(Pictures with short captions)
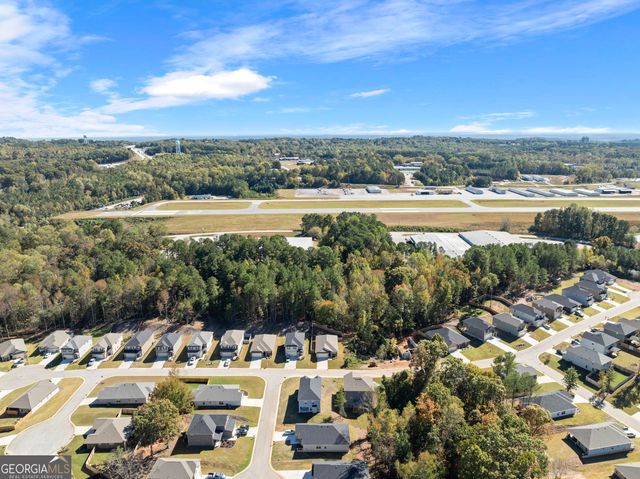 285 Magnolia Villas Drive, Cornelia, GA 30531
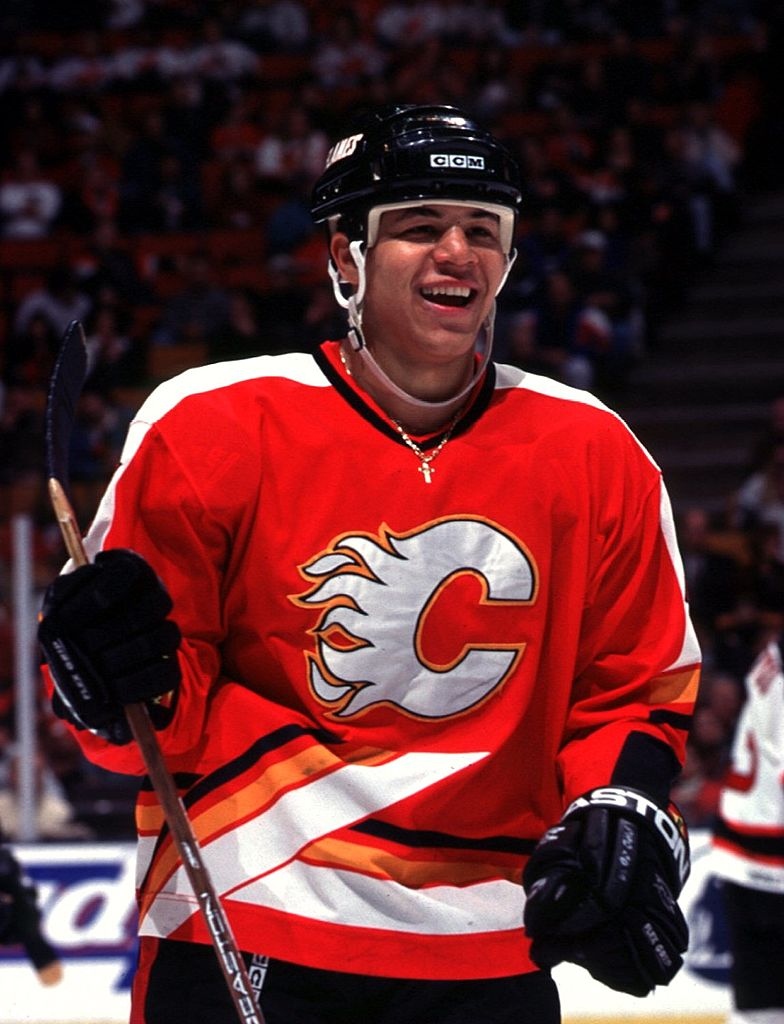 Flames don retro jerseys for Heritage Classic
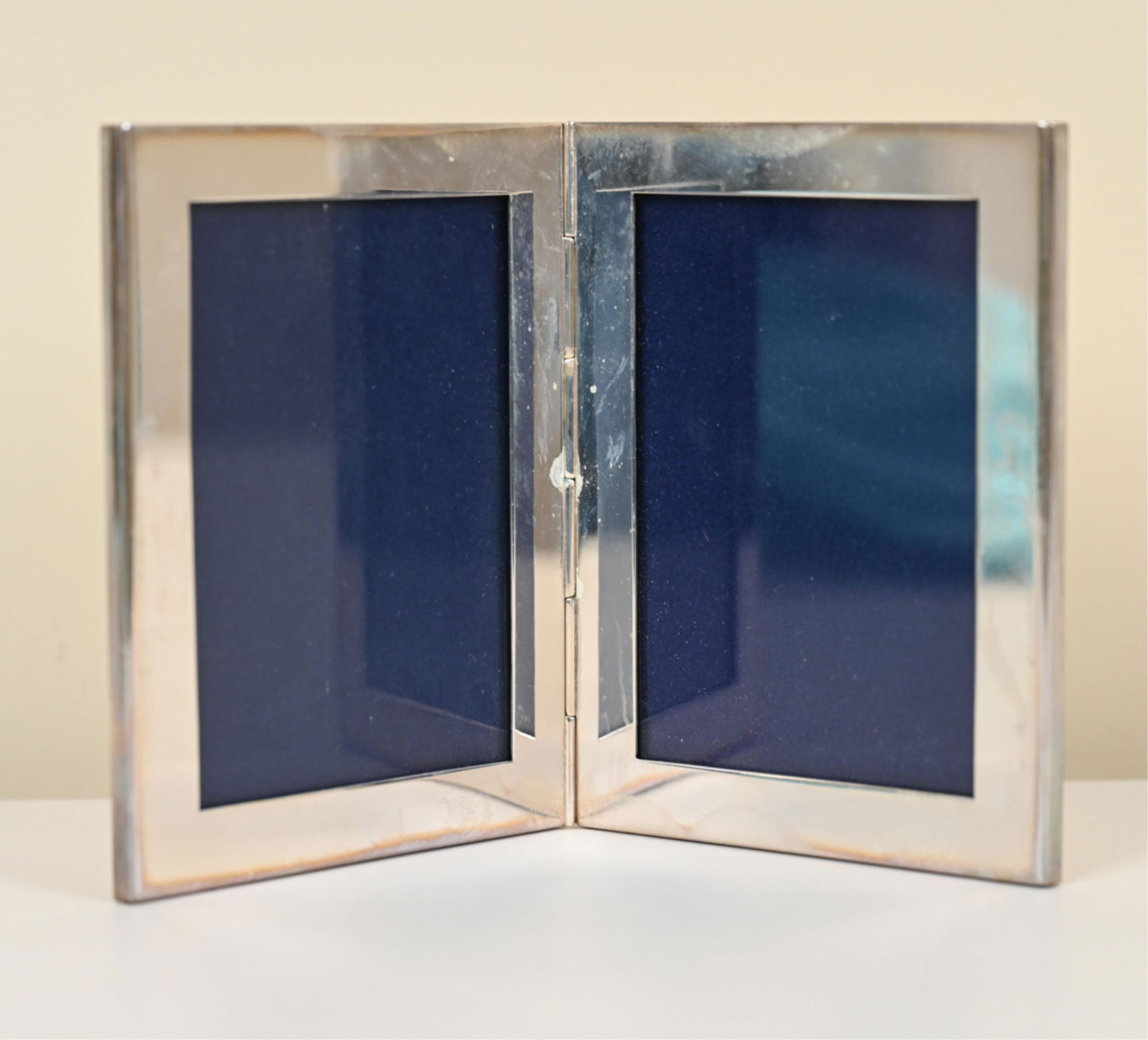 TIFFANY & CO STERLING SILVER FOLDING PICTURE FRAME (1 of 8)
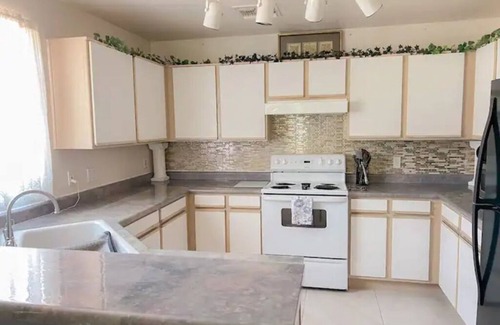 Sundial House | Pro Business Vacation Rental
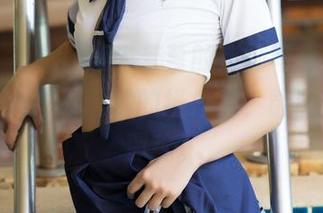 推女神 - Akiki朱若慕的定制写真，让我想到了小时候玩过的纸娃娃，能随便换装那种。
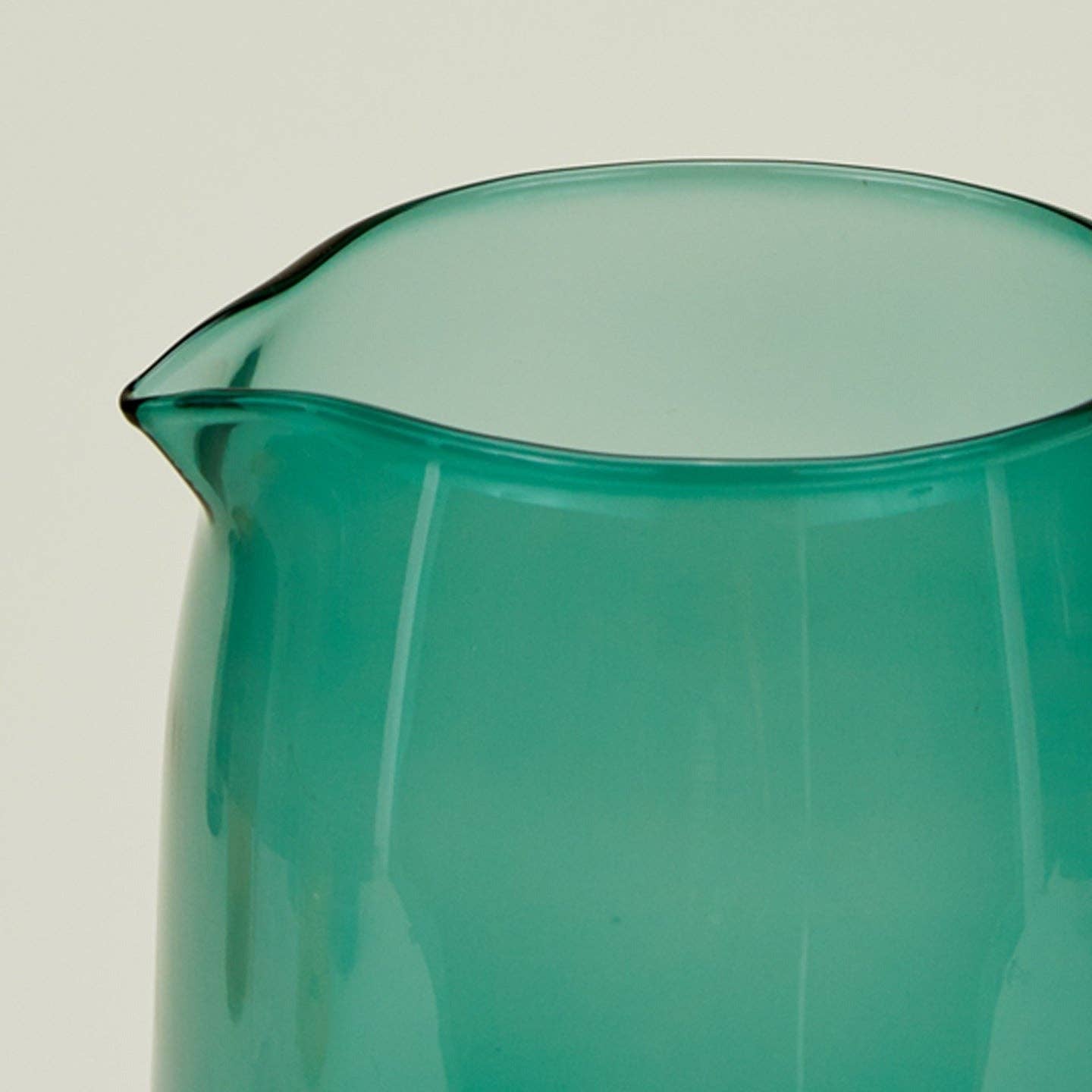 ESSENTIAL GLASSWARE - PITCHERS: BLUE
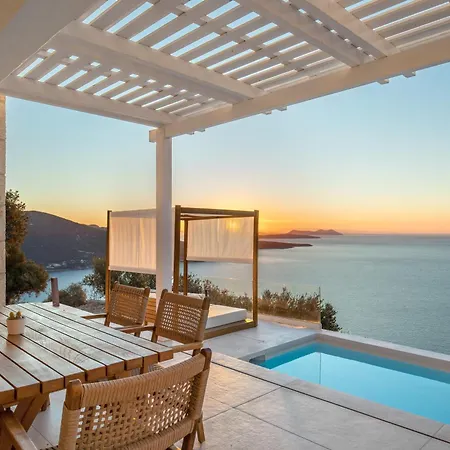 Urania Luxury Rhea Villa *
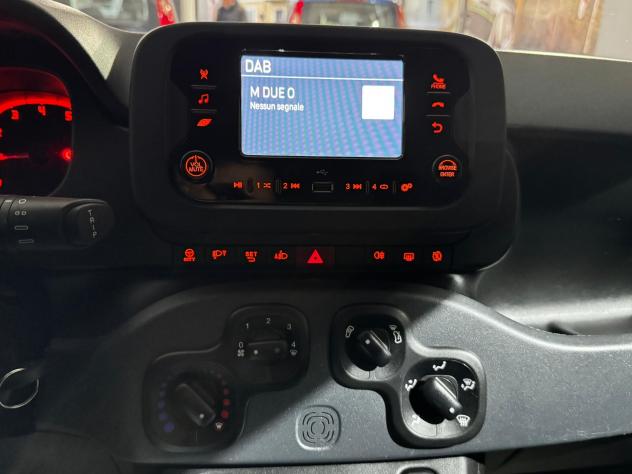 Fiat Panda 1.0 FireFly S&S Hybrid 70cv KM 20'277 - Foto 10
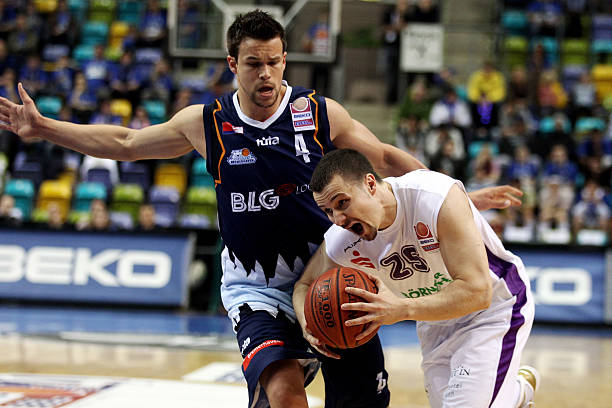 阵中的组织 阵中的组织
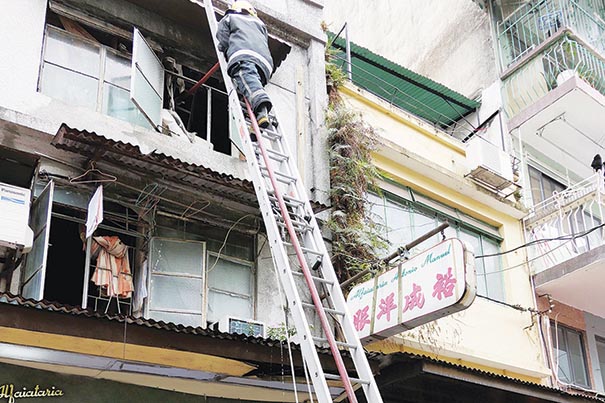 Woman burnt in fire caused  by short circuit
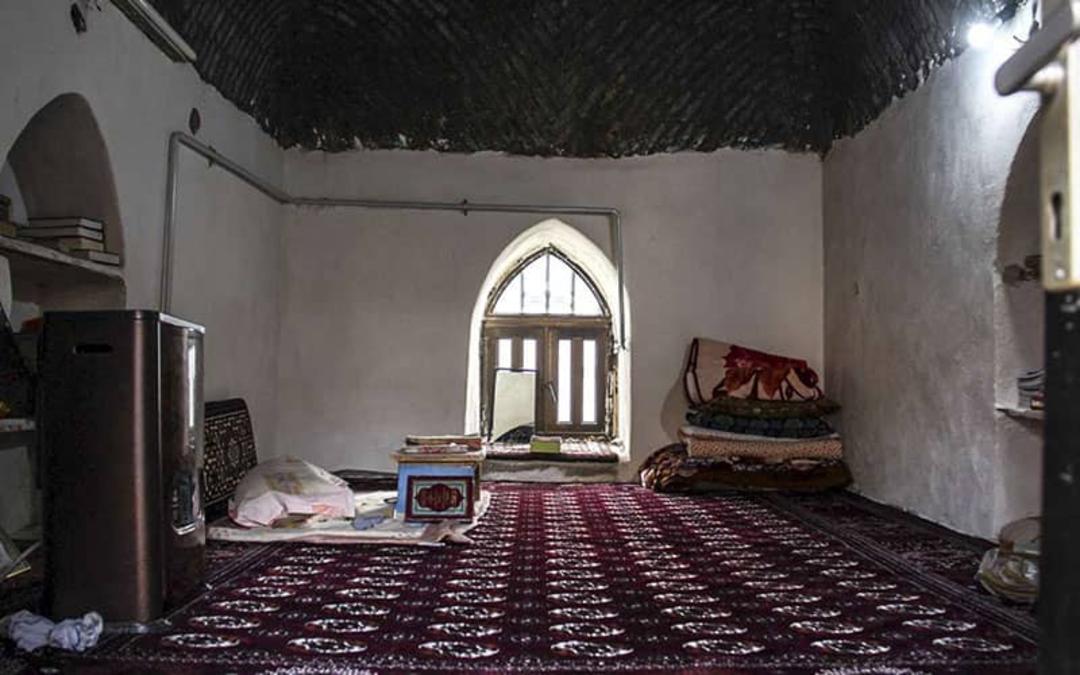 مدرسه و مسجد کریم ایشان 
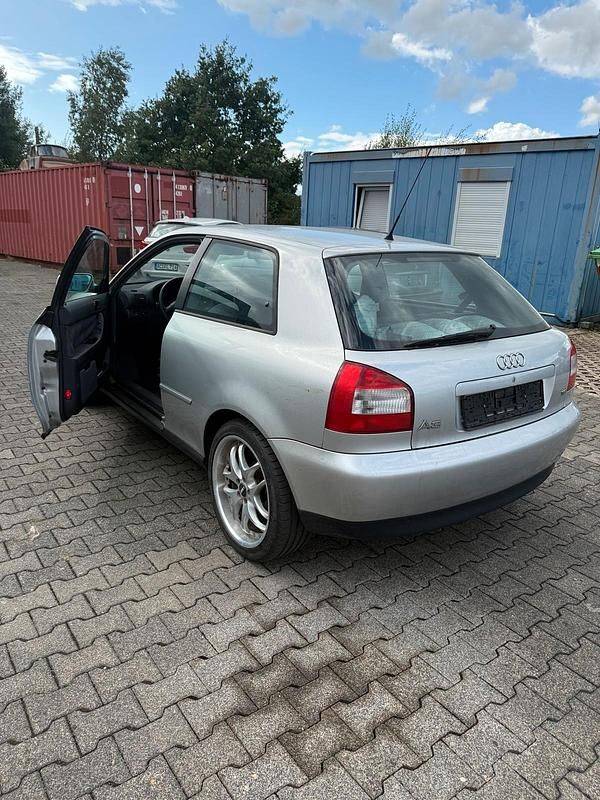 Silber Gebraucht 2004 Audi A3 Kleinwagen | 2.499 € (Guter Preis) - Bild 1/4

■ Task requirements:
Exactly the lines from the one that contains "推女神 - Akiki朱若慕的定制写真，让我想到了小时候玩过的纸娃娃，能随便换装那种。" through the last line of the records should be set down, and the pictures should be dropped.

■ Answer to the problem:
 推女神 - Akiki朱若慕的定制写真，让我想到了小时候玩过的纸娃娃，能随便换装那种。
 ESSENTIAL GLASSWARE - PITCHERS: BLUE
 Urania Luxury Rhea Villa *
 Fiat Panda 1.0 FireFly S&S Hybrid 70cv KM 20'277 - Foto 10
 阵中的组织 阵中的组织
 Woman burnt in fire caused  by short circuit
 مدرسه و مسجد کریم ایشان 
 Silber Gebraucht 2004 Audi A3 Kleinwagen | 2.499 € (Guter Preis) - Bild 1/4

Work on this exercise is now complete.